The boat was launched on December 10, 2020, and it is only the second megayacht supply ship built as a catamaran. Unusually, the vessel was launched without being baptized, in order to maintain confidentiality about the true name of the yacht.

== Functions ==
The main function of the yacht is to furnish, maintain, support, or assist the owner's main yacht. In fact, apart from the crew, Wayfinder has built-in space for 14 passenger employees, who are part of the primary yacht's technical team. The boat features ample warehouse space that can be repurposed for multiple uses. In late 2021, it was reported that Wayfinder may have carried a 30-member security detail.

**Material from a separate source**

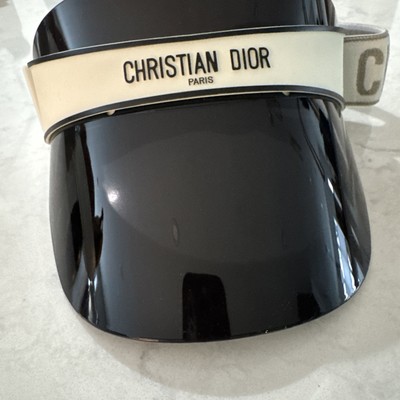 Christian Dior Adjustable Black Designer Visor Hat Logo | eBay display picture 1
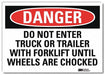 Danger Sign 7 in x 10 in Rflct Sheeting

Like any other modern vessel, it has an internal garbage dump, so that solid waste is deposited in harbour. Additionally, it features the laundry, pantries, workshops and spare parts warehouses.

== Ownership ==
Some sources attribute ownership to Bill Gates. Nonetheless, other sources report Gates has denied such ownership. During construction it was impossible to reveal the owner, due to strict contract "shielded confidentiality"; however, it was revealed that it was one of the top ranked in wealth according to Forbes magazine's list.

Gates was said to have put Wayfinder up for sale in 2024.